Image Attribution: Philip Strömert, Oliver Koepler, Johannes Hunold, Steffen Neumann, CC BY-SA 4.0
Research data is more than the aggregation of numbers or images in a scientific journal article, experimental section, or supplementary information. To fully reproduce the deduction of the results, we need access to the raw data and how it was generated, processed and analyzed. While humans can grasp all the semantics and knowledge expressed in articles and their experimental sections, computers can not do so without fine grained metadata annotations. As can be seen exemplarily in the graphical abstract above, ontologies, taxonomies, terminologies or controlled vocabularies can be used to semantically describe research data, producing this FAIR and machine-readable data. Quite a few ontologies already exist for the semantic description of general scientific concepts and relations, as well as for chemistry specific ones. Based on an analysis done in Task Area 6.1 of the NFDI4Chem project, the present article provides a commented selections of those ontologies that seem most suitable for a FAIR RDM in chemistry, as well as a very brief glossary of ontological technical terms.

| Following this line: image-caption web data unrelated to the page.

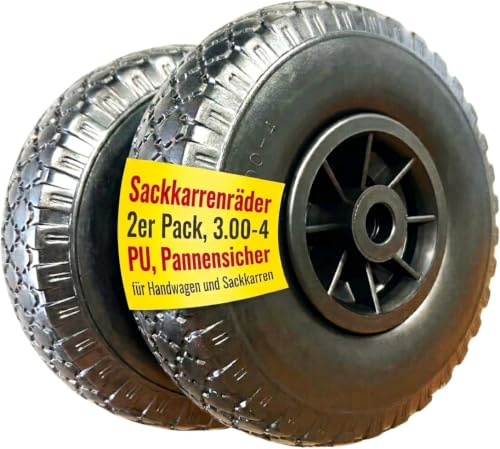2x Sackkarrenrad Pannensicher VOLLGUMMIREIFEN Ø 260 mm, Nabe Ø20×75, 3.00-4 Sackkarren Bollerwagen Rad Ersatzrad Reifen Räder für Sackkarre Bollerwagenrad Sackkarrenräder, Schwarz/Schwarz, PU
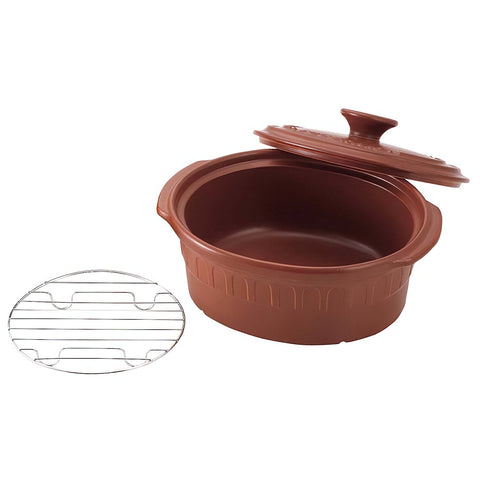 Toceram Heat-Resistant Ceramic Oval Casserole Pot Brown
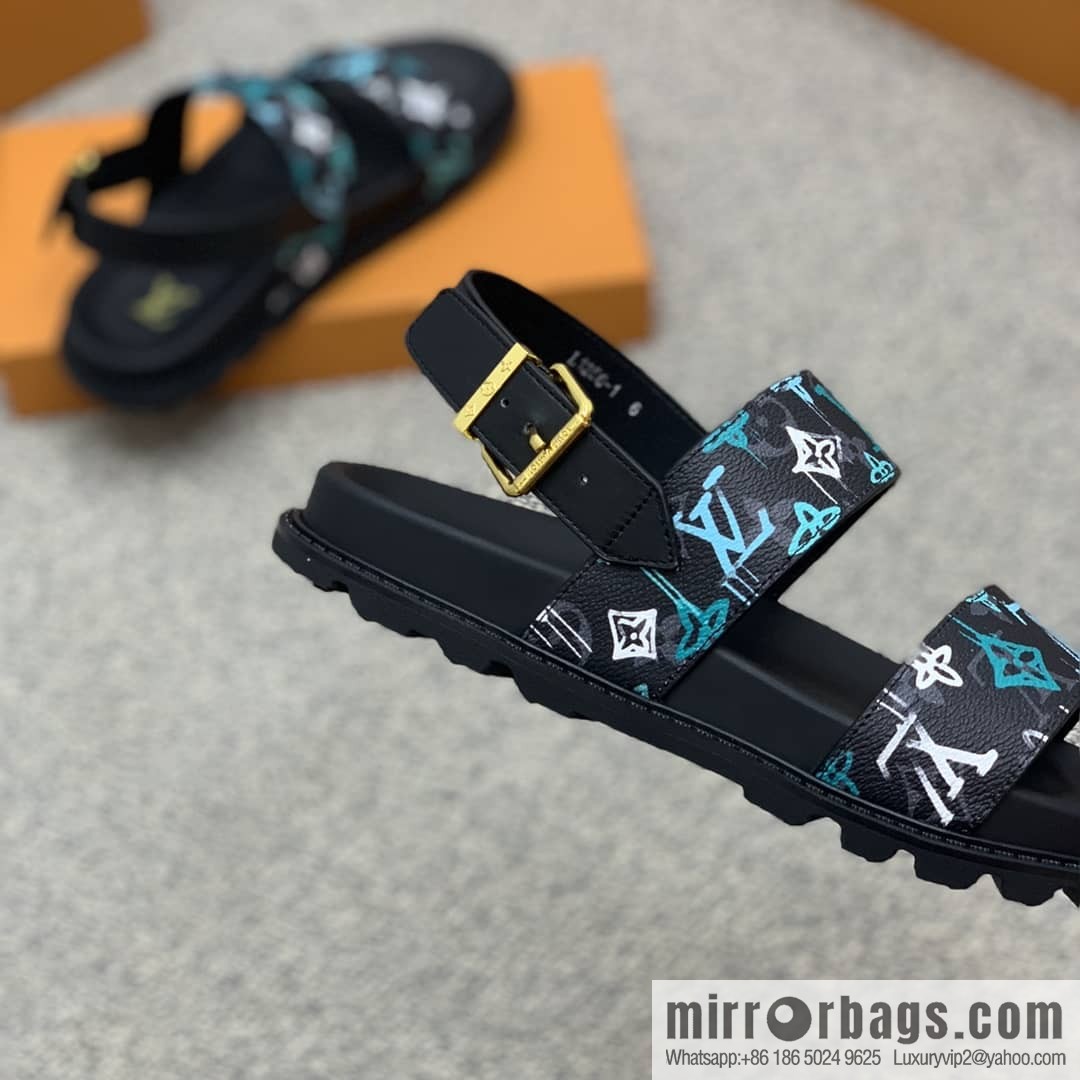LV/Louis Vuitton features classic PVC men's sandals with black outsoles
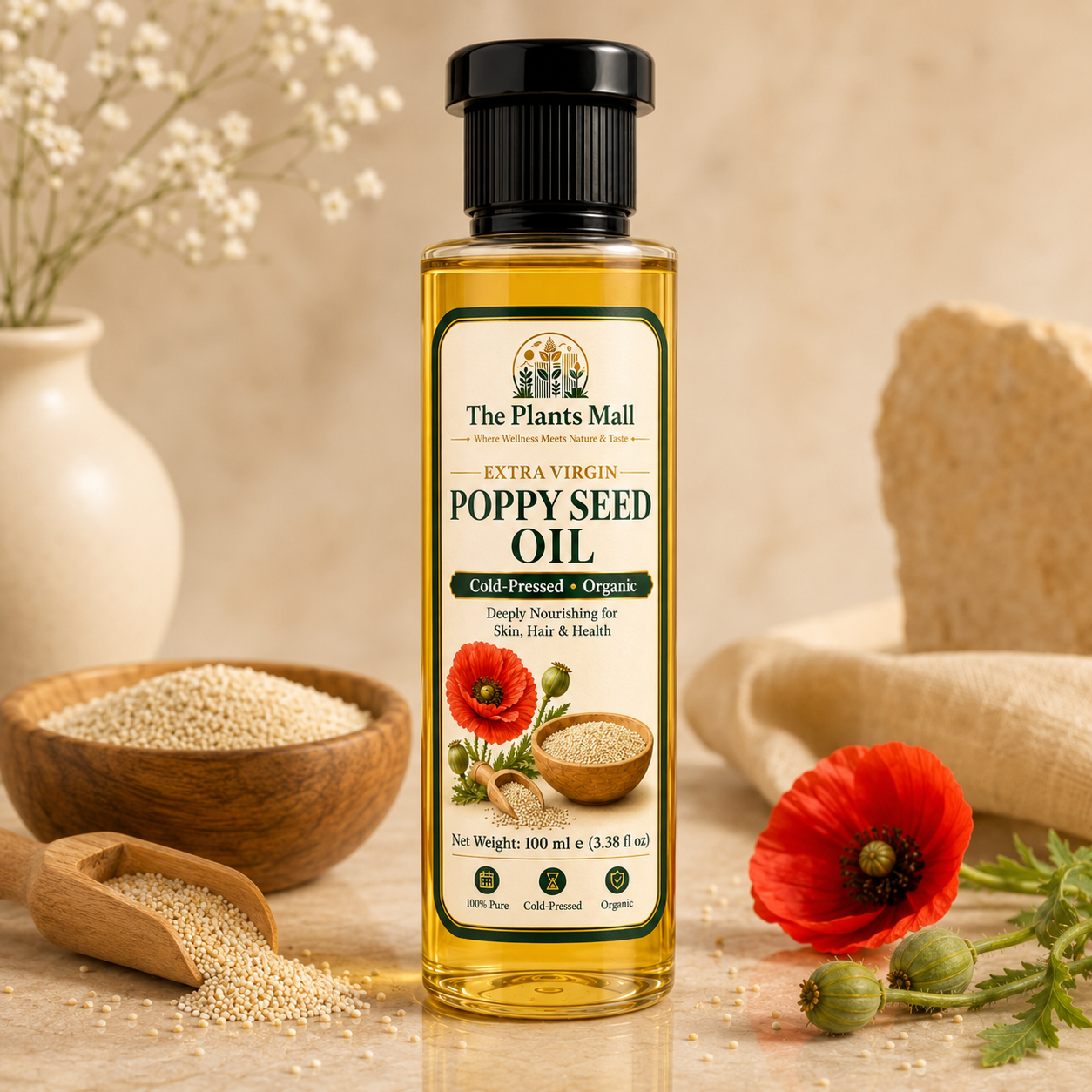 Pure Virgin Poppy Seed Oil | Cold-Pressed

Graphical overview of chemical ontologies
Here we can see that these ontologies have different scopes, which means they only provide terms for the representation/conceptualisation of certain aspects of reality (e.g. ChEBI only covers chemical material entities and their roles). Some have a rather narrow scope, some have a broader scope and sometimes these scopes overlap.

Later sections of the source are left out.